Being the 7th time the two men will have met for the title, and their 9th singles match together (the first was when Okada was a Young Lion, but it still counts), there is a bit of a feeling of “not this again” coming into the match. But that’s the general complaint with New Japan in 2015. With the exclusion of an incredible character transformation here or there (Ingobernable Naito), New Japan’s booking has played things very safe for the most part, with very little changing since Wrestle Kingdom 9.
The Bullet Club is still…being the Bullet Club. With each passing day, they become more and more like the original NWO as they continue to spawn new members like Mogwai exposed to water (See Chase Owens). Nakamura is still the IC Champ, though he did part with the title throughout the year. Ishii is the NEVER Openweight Champion, just like he was going into Wrestle Kingdom 9. Gallows & Anderson are the IWGP Tag Team Champs, just like they were at Wrestle Kingdom 9. And you guessed it, reDRagon are the IWGP Jr. Tag Champs going into Wrestle Kingdom 10, just like they were going into Wrestling Kingdom 9. Even Kenny Omega, who won the IWGP Jr. title at Wrestle Kingdom 9, is the champ going into Wrestle Kingdom 10.
In a sense, we’re pretty much getting the same show as last year, though without the time restriction due to Global Force Wrestling’s broadcast in the U.S., and, sadly, also without Minoru Suzuki (Rambo entrant?). So the blame can’t be put solely on the main event for not feeling fresh. It’s a whole group effort. It’s like New Japan saw the Obama “Change” poster and said, “Nope, let’s not do that.” At least without the U.S. PPV time restriction, we’ll hopefully get the big, elaborate entrances of Wrestle Kingdoms past. DeLoreans and pole dancing routines, please!

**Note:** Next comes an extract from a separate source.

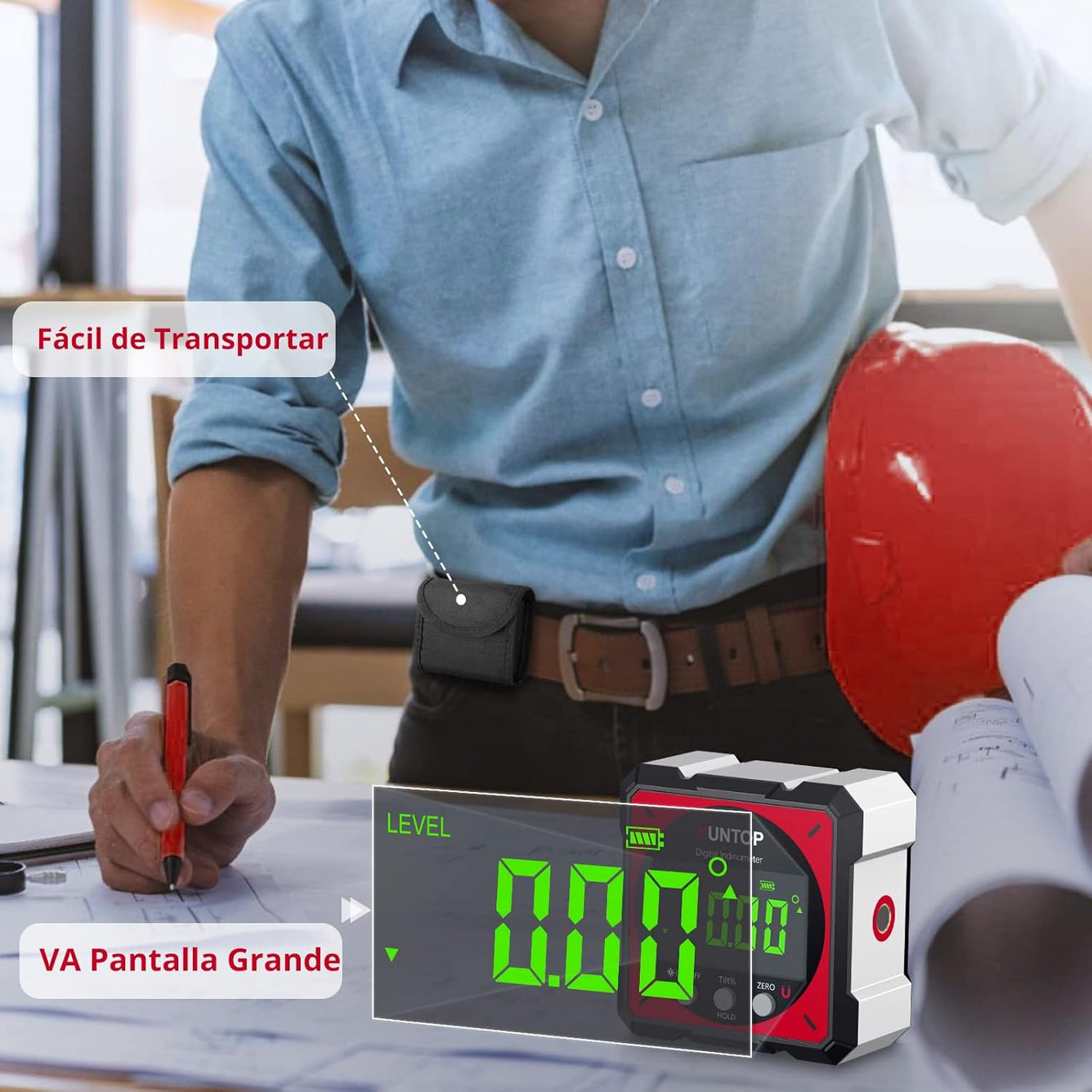 Digital Inclinometer 4x90° Digital Level Box with Electronic Laser Digital Inclinometer Waterproof IP54 for Automobiles, Carpentry, Construction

While I may sound a little unenthused by yet another Tanahashi/Okada match, there are some upsides to Tanahashi vs. Okada VII. The most important being that they’ve never had a bad match together, and I don’t think they’re going to start at Wrestle Kingdom 10. Anything under 4.5 stars by these two on this stage would be considered a disappointment, which probably adds a bit of pressure. Another is the fact that while this match was only officially announced in October, it was more or less made the moment Okada lost to Tanahashi at Wrestle Kingdom 9. After the match, Okada was completely devastated, and left the ring in tears.
It was clear that match last January was not going to be the end of their long and storied rivalry, and another Wrestle Kingdom main event was looming. It was more just a question of if it was going to be at the following Wrestle Kingdom, or saved for further down the line. Thus, while it’s not the freshest match up, it does have a long, solid, emotional backstory and we can expect a fitting conclusion, i.e. Okada redeems himself for being a crybaby and finally defeats Tanahashi in the Tokyo Dome, the figurative torch is passed, the student becomes the master, and so forth.
Okada vs. Tanahashi: The Champion vs. The Ace. I know I should be more excited for this than I am, and I am excited. It’s just not off the charts levels. I think what I’m most looking forward to is this match possibly capping off what has been one of the highest profile rivalries in Japan in the current decade, and possibly the best in terms of match quality. If nothing else, it’s all but guaranteed to be a hell of a match.